How do you make sure that each person that depends on you is well looked after following your death? Who is a dependent? How can your estate planning lawyer work with you to decrease the risk of lengthy and costly litigation, often fueled by a sense of unfairness or perceived preferential treatment of one over another? How can you maximize your estate assets for your loved ones?
In the blended family context, such as where a person has a spouse from a second marriage and three children from the first marriage, should the estate be divided into quarters or divided into halves? What if the second marriage happened last month? Last year? Ten years ago? The ages of the children are relevant, too. Are the children still dependents? Minors? Disabled? Might the step-children be viewed as dependents that should also be beneficiaries of the estate? What if some of the beneficiaries are already successful in their own right, and others can't seem to find their way? The complex legal-social-emotional factors within a blended family dynamic present many challenges.
An estate planning lawyer can advise you on the various tools at your disposal to help you to balance the interests of various beneficiaries. One such tool that may be used as part of the estate plan is a spousal trust. A spousal trust can be used to provide for your spouse during your lifetime while protecting some or all of your capital for the next generation. If properly drafted, your estate can realize a tax deferral until the death of the surviving spouse, leaving a larger amount available to provide for your spouse and, ultimately, the children. The benefit of the tax deferral should be balanced against the delay in transferring assets to the children.

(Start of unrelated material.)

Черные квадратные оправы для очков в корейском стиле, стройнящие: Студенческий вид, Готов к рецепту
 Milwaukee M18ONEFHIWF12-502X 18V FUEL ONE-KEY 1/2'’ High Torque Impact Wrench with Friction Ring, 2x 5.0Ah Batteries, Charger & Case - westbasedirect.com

In addition, a spousal trust can provide some protection for your assets from any future relationships of the surviving spouse, while allowing you to maintain control of what happens to these assets after the death of your spouse. Your surviving spouse would be entitled to all the income from the spousal trust and nobody, other than your spouse, could be entitled to capital from the spousal trust during your spouse's lifetime. Some estate plans may use two spousal trusts, one that provides for unlimited capital encroachments to the spouse and a second spousal trust (possibly for specific corporate assets) that prohibits capital encroachments (or sets a maximum) and includes the use of additional trustees.
When using a spousal trust, it is important to consider the surviving spouse's wishes. If the surviving spouse is not pleased with the estate plan, they may choose to forego their entitlement under the Will and instead elect for an equalization of net family property (as is the case on divorce) under the Family Law Act (Ontario). Your spouse may be motivated to make such an election if they want to pass some assets of the marriage onto their own children (i.e., your step-children), as well. You can reduce the risk of such an election for equalization by discussing your planning with your spouse and entering into a domestic contract.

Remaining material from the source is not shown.